(Records from a data source)
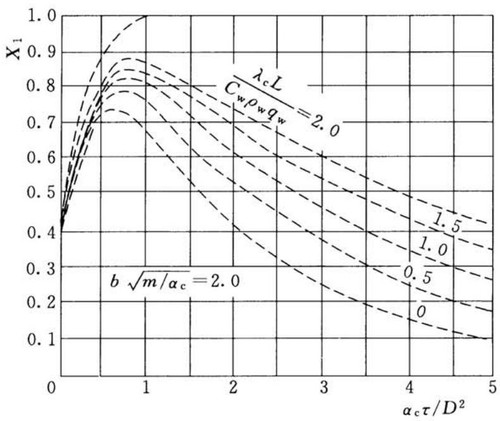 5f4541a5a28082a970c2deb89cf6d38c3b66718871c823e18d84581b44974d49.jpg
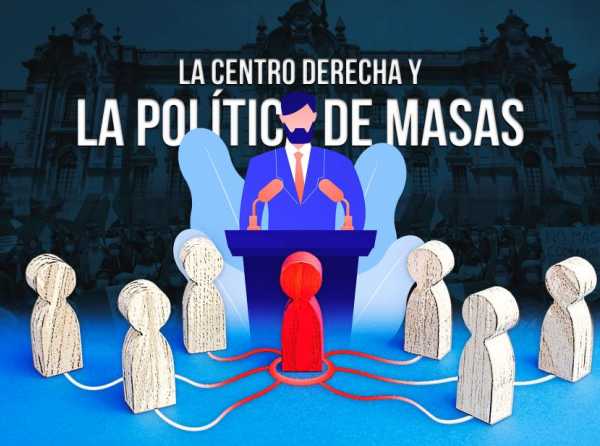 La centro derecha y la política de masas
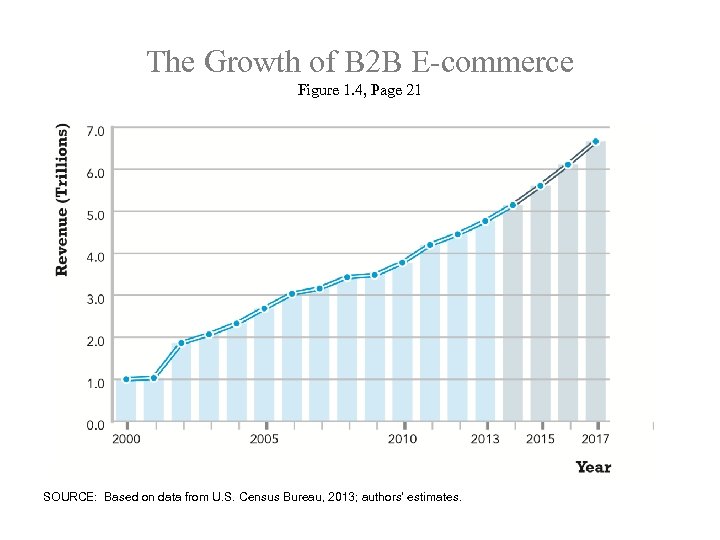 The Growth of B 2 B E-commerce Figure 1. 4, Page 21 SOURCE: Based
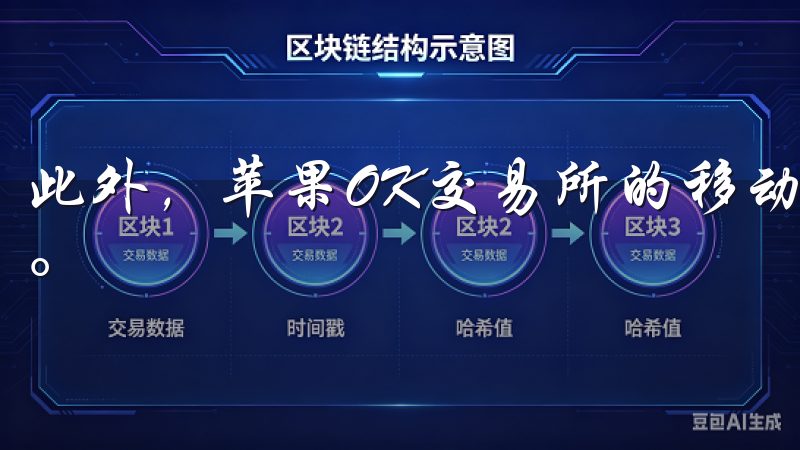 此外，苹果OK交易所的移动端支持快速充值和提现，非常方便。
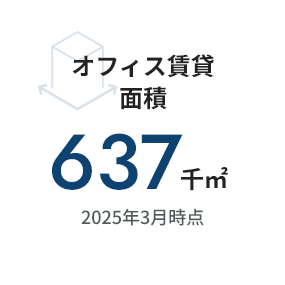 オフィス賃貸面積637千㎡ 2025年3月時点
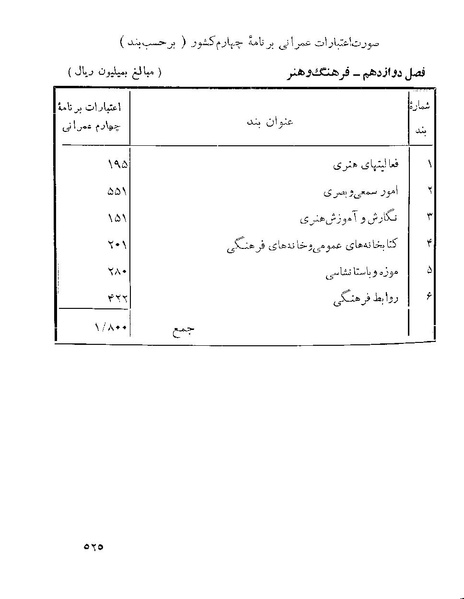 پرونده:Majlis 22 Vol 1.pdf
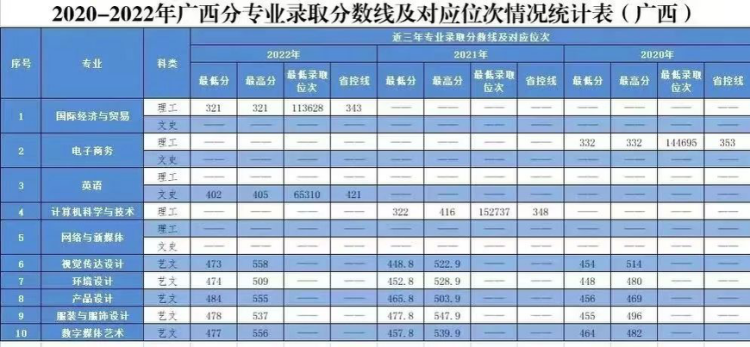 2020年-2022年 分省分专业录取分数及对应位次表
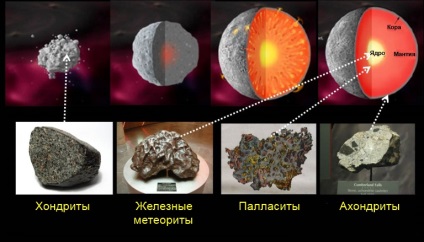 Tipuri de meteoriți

> **Work instructions**
Every entry belongs in the answer exactly as written, but no picture does.

> **Task result**
 5f4541a5a28082a970c2deb89cf6d38c3b66718871c823e18d84581b44974d49.jpg
 La centro derecha y la política de masas
 The Growth of B 2 B E-commerce Figure 1. 4, Page 21 SOURCE: Based
 此外，苹果OK交易所的移动端支持快速充值和提现，非常方便。
 オフィス賃貸面積637千㎡ 2025年3月時点
 پرونده:Majlis 22 Vol 1.pdf
 2020年-2022年 分省分专业录取分数及对应位次表
 Tipuri de meteoriți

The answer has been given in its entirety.